The latest slaughter statistics show the national lamb kill is 7.4 percent behind last year. This is predominantly driven by a slow start to the South Island lamb kill which seems to be falling further and further behind each week. In contrast, the North Island lamb kill started strong, with this season tracking about 2 percent ahead of last year. However, continued rain led farmers to forgo the usual preChristmas lamb rush and the North Island lamb kill fell behind the historic trend in mid-December. It will be a few weeks until we have definitive numbers, but all evidence suggests that a great number of extra lambs remained on-farm into this year. The weather has certainly supported a turnaround in crop condition. This will continue to underpin the store lamb market while others will use these crops for home-bred lambs.

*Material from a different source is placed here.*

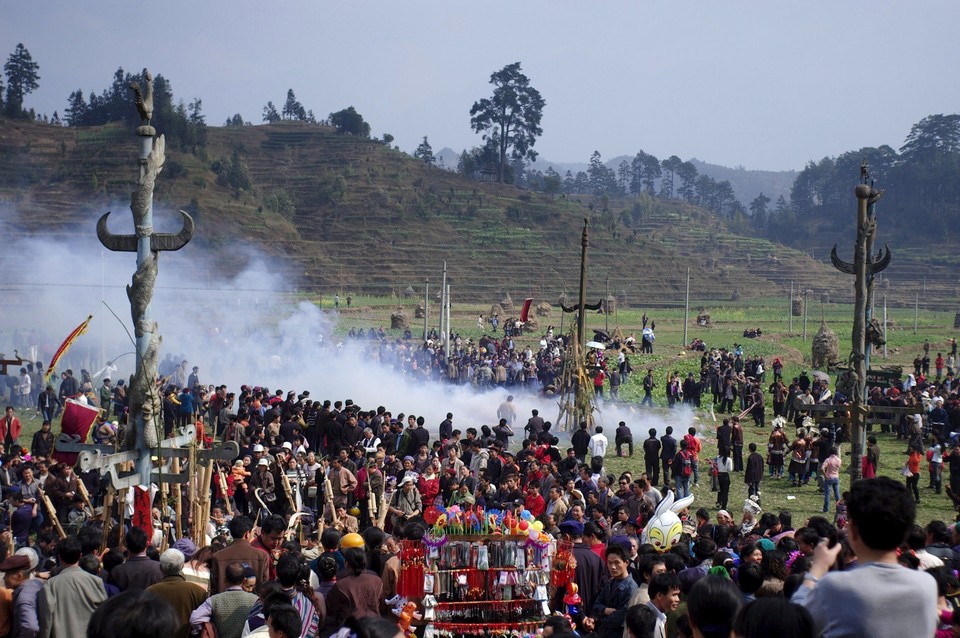 CHINA LUNAR NEW YEAR HORSES FIGHT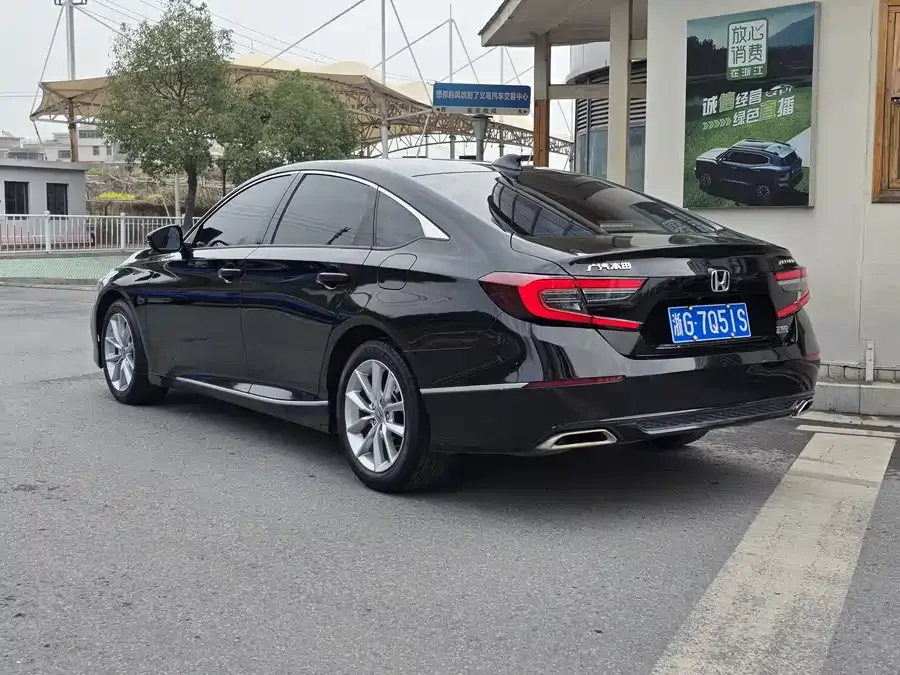 Honda Accord Accord 2022 260TURBO Deluxe Edition 2022 — миниатюра 4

It is still early days for beef, but it appears the US imported beef market has picked up from where it left off in late December. This is on the back of very light trading over the last two weeks. The key theme is that prices for 95CL bull meat are holding steady at US$2.12/lb, and 90CL cow is comfortable at US$1.98/lb. While there has been some testing of the market with US buyers trying for lower bids, nothing has come to fruition, and the expectation is for the market to remain steady in the coming weeks on the back of limited shipments in the last two weeks and a lack of manufacturing beef heading to the US through November and December.

New Zealand manufacturing beef exports to the US totalled 9100t in December. Better prices out of China also restricted New Zealand volumes to the US, with over 5000t of manufacturing beef being shipped there in December.